A Service Nervous System (SNS) is a DAO framework that transfers control of your app from your team to a community of token holders. After launch, canister upgrades, treasury spending, and governance parameters all require token holder votes: your team no longer has unilateral control.

This guide walks through the complete launch process: from designing your tokenomics and configuring sns_init.yaml, to adding NNS root as a co-controller and submitting the NNS proposal that triggers the swap.

SNS launch is irreversible. Once the NNS proposal is adopted and the swap succeeds, your app canisters are fully controlled by SNS root. Review these prerequisites before proceeding:

  • Your app canisters are deployed and working on mainnet
  • You hold an NNS neuron with sufficient stake to submit proposals (8 ICP minimum stake, plus dissolve delay)
  • You have done a security review and open-sourced the app code
  • Your tokenomics design is finalized and community-vetted

See concepts/governance.md for background on how SNS DAOs work.

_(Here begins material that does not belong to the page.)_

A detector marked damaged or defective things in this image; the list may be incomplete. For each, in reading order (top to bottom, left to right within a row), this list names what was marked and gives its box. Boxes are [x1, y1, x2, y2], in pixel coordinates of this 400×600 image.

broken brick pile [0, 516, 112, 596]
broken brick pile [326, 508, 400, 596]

Before writing a single line of configuration, define these parameters clearly:

Token utility: explain what the token is used for within your ecosystem. Common utilities include governance voting, access to premium features, and in-app payments.

Initial token allocation: decide how tokens are split across these buckets:

  • Developer neurons: tokens for founders and seed investors, with vesting schedules. Best practice is 12–48 months of vesting.
  • Treasury: tokens controlled by the DAO governance canister for future spending proposals.
  • Swap: tokens sold during the decentralization swap in exchange for ICP.

Swap parameters: set realistic minimums. If you require 500 participants but only 200 show up, the entire swap fails and all ICP is refunded. Most successful SNS launches use 100–200 minimum participants.

Use the SNS Tokenomics Analyzer to evaluate your configuration and model voting power distribution before committing to parameters.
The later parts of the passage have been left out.